Duquesne NPHC hosts Pumpkin Painting event

Kellen Stepler | Assistant Features Editor. Members of the Duquesne NPHC socialize while painting their pumpkins Tuesday night in the Africa Room.

Kellen Stepler | assistant features editor

 

Kellen Stepler | Assistant Features Editor. Members of the Duquesne NPHC socialize while painting their pumpkins Tuesday night in the Africa Room.
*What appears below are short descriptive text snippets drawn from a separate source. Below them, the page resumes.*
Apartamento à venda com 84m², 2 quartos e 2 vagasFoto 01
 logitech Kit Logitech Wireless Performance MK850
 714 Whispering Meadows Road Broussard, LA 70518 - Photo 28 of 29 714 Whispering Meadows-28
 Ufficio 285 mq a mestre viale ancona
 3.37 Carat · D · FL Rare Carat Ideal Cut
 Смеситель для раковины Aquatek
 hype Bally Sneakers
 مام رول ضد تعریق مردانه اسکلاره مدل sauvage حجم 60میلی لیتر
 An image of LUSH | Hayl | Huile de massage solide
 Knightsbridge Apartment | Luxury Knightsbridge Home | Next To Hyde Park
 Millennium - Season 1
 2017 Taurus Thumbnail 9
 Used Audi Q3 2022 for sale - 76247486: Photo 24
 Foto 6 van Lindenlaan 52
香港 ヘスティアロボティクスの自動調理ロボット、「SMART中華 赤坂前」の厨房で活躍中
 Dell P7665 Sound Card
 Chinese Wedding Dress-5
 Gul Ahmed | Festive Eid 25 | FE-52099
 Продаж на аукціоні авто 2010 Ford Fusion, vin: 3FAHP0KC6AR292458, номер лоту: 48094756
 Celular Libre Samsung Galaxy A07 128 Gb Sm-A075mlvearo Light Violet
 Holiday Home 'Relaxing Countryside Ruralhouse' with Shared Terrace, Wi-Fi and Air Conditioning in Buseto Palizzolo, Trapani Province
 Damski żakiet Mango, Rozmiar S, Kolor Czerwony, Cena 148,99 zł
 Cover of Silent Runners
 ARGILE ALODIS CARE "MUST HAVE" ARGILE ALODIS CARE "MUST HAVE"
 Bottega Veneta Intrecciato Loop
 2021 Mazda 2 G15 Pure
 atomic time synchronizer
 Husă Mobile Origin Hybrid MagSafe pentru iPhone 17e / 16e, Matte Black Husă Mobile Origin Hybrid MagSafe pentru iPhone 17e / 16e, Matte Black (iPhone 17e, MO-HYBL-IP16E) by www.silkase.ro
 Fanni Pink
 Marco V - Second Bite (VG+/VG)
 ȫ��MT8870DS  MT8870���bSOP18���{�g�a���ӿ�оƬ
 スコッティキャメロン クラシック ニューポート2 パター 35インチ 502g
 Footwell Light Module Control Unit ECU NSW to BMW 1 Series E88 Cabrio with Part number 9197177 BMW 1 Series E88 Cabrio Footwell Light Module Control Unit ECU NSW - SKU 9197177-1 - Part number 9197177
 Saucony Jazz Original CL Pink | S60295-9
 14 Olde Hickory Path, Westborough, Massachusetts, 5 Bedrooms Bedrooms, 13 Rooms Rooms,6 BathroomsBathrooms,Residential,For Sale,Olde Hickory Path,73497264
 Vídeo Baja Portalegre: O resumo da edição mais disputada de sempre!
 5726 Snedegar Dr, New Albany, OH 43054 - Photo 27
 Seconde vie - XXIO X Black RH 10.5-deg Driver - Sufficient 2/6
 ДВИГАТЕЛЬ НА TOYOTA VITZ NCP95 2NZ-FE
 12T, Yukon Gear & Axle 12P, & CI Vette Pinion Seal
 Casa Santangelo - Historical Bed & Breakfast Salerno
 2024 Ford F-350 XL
Halloween without festive pumpkins is no Halloween at all.
The Duquesne National Pan-Hellenic Council (NPHC) agrees. On Tuesday, Oct. 29, the Duquesne NPHC held a pumpkin painting event in the Africa Room that started at 8 p.m.
Brandon Scott, president of the Duquesne NPHC, said the event was part of the organization’s HalloWeek. HalloWeek began on Monday, Oct. 28 with a candy apple bake sale. Tuesday, Oct. 29 was pumpkin painting, Wednesday Oct. 30 was a movie night, and the organization sold candy grams on Thursday, Oct. 31 – Halloween.
“We wanted to create a good environment and event for spooky season,” Scott said.
The NPHC governs the Black Greek Lettered Organizations, also known as the “divine nine,” on campus. They overlook five fraternities and four sororities.
The fraternities NPHC governs are Alpha Phi Alpha Fraternity, Inc; Kappa Alpha Psi Fraternity, Inc; Omega Psi Phi Fraternity, Inc; Phi Beta Sigma Fraternity, Inc; and Iota Phi Theta Fraternity, Inc. The sororities are Alpha Kappa Alpha Sorority, Inc; Delta Sigma Theta Sorority, Inc; Zeta Phi Beta Sorority, Inc; and Sigma Gamma Rho Sorority, Inc.
NPHC is open to anyone to join, and they promote service-based events. The organization was reinstated on campus last semester and is going through a rebranding phase, said Grad advisor Darian Reynolds.
The NPHC Board has eleven total members, with one representative from each sorority and fraternity to make sure all voices are heard.
The NPHC’s pumpkin painting event was the first of its kind, but the group has done numerous other service projects as well, ranging from service, to social to informational events.
Reynolds explained that last semester, the NPHC put on a karaoke event with a water entry fee. Instead of paying money for admission, attendees were to bring cases of water that the group donated to Flint, Michigan.
“Events bring people together, but also have a cause behind them,” Reynolds said.